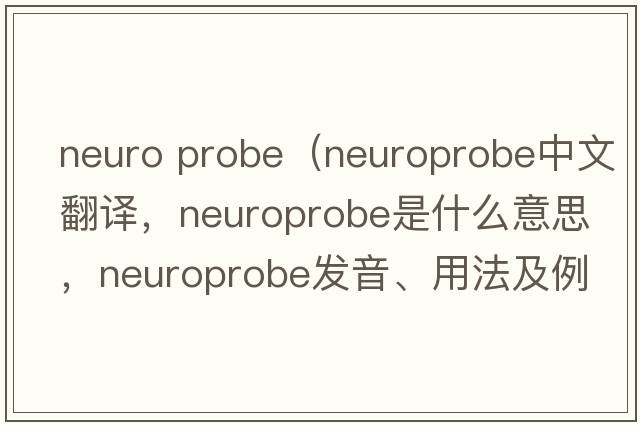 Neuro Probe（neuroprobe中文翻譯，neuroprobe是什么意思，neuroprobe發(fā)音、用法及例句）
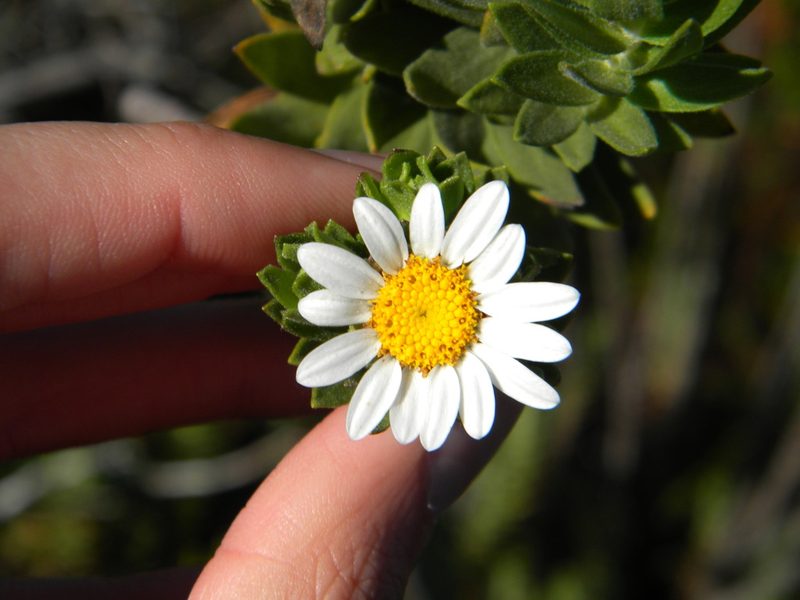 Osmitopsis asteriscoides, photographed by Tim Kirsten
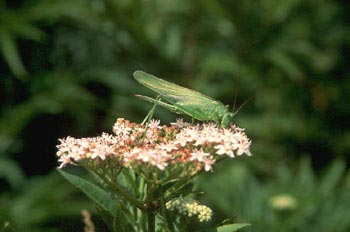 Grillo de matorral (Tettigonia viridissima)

== Your assignment ==
Every line above goes into your copy exactly; no images go in.

== Written reply ==
 Neuro Probe（neuroprobe中文翻譯，neuroprobe是什么意思，neuroprobe發(fā)音、用法及例句）
 Osmitopsis asteriscoides, photographed by Tim Kirsten
 Grillo de matorral (Tettigonia viridissima)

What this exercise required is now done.